I obtained the following results:
Original distribution 1 :

Result 1 :

Original distribution 2 :

Result 2 :

Towards an alternative resolution.

The stated goal of this subject is to obtain a series of random points to cover as much as possible an n-dimensional space. The number of points in the distribution may vary. As suggested by Mr. Daniel Lichtblau and Mr. Oleksandr R. a low discrepancy sequence appears to be a viable solution. After some research, several names have emerged :
- Sobol's sequence.
- Van Der Corput's sequence.
- Halton's sequence.
- Hammersley's sequence....

Questions

What is the best sequence ?

I am interested in all pseudo-code or documentation to generate low discrepancy sequence in n dimensions.

• Despite the fact documentation tells of 1D, 2D, 3D and nD Delaunay tetrahedralizations under DelaunayMesh, only dimensions 1 through 3 would seem to work.

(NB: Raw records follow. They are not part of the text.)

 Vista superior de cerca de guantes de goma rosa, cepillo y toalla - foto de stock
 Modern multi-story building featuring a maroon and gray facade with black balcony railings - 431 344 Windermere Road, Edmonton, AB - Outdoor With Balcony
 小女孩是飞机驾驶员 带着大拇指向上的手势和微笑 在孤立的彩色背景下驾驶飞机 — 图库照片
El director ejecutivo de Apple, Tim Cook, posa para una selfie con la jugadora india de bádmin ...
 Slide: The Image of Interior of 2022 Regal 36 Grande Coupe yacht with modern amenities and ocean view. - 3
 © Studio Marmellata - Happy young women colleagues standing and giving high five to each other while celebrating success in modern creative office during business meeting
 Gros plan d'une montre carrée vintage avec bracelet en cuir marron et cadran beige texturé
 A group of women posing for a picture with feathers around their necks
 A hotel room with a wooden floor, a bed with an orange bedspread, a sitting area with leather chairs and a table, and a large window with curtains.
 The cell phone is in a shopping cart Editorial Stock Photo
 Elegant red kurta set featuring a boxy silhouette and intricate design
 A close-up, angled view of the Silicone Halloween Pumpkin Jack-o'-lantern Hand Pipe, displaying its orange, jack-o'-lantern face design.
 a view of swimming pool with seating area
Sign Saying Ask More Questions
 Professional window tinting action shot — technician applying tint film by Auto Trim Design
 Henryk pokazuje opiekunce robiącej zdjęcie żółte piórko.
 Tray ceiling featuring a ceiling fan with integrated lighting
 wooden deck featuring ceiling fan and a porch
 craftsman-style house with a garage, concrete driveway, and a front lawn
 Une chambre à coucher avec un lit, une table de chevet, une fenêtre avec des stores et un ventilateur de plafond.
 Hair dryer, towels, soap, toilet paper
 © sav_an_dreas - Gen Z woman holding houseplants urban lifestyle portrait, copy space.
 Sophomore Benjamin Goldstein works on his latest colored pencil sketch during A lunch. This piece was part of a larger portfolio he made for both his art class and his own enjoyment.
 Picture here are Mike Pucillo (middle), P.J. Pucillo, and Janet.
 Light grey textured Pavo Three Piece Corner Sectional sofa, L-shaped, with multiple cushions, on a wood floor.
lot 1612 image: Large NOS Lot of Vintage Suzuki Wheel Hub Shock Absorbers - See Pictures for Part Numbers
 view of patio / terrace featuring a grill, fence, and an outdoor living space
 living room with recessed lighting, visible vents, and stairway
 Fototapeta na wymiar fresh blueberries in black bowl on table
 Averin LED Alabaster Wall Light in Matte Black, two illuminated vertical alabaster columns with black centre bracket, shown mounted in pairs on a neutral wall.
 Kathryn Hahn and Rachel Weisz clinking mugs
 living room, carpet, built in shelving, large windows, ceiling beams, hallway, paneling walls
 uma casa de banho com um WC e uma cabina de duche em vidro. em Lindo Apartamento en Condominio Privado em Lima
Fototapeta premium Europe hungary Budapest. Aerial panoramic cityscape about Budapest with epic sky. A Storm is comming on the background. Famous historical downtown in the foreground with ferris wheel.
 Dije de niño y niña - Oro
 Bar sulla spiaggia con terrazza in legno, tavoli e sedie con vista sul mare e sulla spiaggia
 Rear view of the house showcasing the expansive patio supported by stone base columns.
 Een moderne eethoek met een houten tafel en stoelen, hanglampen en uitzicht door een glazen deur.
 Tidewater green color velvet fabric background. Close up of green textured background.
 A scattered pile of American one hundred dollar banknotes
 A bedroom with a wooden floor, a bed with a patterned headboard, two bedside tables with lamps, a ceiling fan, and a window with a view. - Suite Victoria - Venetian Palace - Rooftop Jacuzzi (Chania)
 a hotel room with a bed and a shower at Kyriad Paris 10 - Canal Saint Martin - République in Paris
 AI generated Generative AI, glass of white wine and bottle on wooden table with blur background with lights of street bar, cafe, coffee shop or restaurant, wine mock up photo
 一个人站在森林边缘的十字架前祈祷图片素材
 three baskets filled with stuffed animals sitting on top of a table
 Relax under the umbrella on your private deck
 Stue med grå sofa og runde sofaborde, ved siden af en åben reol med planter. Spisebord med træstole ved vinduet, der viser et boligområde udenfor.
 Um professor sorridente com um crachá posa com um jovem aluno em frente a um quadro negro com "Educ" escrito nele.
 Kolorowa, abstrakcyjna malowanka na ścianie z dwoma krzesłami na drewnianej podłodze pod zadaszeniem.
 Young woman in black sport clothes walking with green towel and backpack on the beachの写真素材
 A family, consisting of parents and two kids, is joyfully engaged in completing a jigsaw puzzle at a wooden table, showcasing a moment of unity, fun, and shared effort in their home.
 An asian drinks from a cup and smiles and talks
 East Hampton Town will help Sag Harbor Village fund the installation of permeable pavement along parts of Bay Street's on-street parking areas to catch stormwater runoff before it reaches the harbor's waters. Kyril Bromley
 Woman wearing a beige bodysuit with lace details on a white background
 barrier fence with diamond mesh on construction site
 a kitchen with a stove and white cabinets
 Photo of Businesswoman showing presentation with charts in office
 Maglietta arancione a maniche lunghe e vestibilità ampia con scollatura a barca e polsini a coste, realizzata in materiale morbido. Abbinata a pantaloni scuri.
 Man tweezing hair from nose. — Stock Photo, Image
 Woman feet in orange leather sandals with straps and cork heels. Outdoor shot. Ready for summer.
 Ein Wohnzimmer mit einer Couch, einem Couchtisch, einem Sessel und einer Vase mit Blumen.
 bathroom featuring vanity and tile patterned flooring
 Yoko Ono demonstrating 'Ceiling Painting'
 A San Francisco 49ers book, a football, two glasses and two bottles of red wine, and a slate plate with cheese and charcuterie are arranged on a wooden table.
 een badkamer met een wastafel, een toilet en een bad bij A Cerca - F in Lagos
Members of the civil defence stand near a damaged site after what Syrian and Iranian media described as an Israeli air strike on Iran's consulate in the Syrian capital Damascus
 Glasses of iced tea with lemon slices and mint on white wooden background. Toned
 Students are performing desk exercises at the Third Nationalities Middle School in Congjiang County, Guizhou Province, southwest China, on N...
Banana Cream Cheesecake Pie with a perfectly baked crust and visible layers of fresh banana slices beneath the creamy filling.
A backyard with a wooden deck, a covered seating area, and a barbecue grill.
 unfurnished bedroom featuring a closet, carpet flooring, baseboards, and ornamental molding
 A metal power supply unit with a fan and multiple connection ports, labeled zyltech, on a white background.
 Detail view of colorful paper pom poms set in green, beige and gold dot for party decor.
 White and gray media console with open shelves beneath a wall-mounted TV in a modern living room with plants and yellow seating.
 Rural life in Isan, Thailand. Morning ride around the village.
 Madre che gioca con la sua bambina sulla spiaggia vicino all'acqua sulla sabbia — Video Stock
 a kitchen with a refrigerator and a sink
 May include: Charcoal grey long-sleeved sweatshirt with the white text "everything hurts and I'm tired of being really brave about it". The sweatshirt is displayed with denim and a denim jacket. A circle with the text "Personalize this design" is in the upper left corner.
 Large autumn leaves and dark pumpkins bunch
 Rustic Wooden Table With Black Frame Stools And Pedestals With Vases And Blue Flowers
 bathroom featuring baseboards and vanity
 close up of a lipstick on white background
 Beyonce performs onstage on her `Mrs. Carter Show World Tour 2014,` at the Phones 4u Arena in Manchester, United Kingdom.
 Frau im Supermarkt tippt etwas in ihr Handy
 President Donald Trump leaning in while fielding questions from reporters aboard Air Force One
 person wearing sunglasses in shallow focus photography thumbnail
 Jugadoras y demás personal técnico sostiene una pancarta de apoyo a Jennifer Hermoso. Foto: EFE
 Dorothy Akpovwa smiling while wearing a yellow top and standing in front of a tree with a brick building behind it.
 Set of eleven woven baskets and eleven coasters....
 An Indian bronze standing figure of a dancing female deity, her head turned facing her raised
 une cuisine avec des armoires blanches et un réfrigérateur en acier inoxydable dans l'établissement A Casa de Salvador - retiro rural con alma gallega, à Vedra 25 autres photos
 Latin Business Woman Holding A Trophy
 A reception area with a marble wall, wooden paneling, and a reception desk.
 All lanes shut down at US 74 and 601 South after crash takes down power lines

May 18, 2015 at 16:03
• Quick and dirty but seems to give an okay distribution over the unit hypercube: quasiUniformPoints[n_, dim_] := Mod[Outer[Times, N@Range[n], E^Range[dim]], 1]. Try ListPlot in 2D or ListPointPlot3D in 3D to see what it gives. May 18, 2015 at 18:20
• A grid will be uniform but not random. A random arrangement will not be uniform. There are special distributions used for Monte Carlo sampling that are uniform but not grid-like, and perhaps this is what you want. Could you please clarify your requirements of the resulting distribution? May 19, 2015 at 13:08
• I should mention that the method I showed is a (not very high quality) version of a low discrepancy sequence. That's is the sort of thing one uses in quasi-Monte Carlo quadrature (per @Oleksandr R's remark). May 19, 2015 at 14:56
• What I coded is a not very high quality rendition of what's called a "low discrepancy sequence". So that would be the thing to look up if you want to get more detail or perhaps better quality variants. May 23, 2015 at 22:15

I post here my own solution.
I post here all the code I have written to generate low discrepancy sequences.
The algorithms presented here are not necessarily optimized.
Feel free to send me any corrections or improvements.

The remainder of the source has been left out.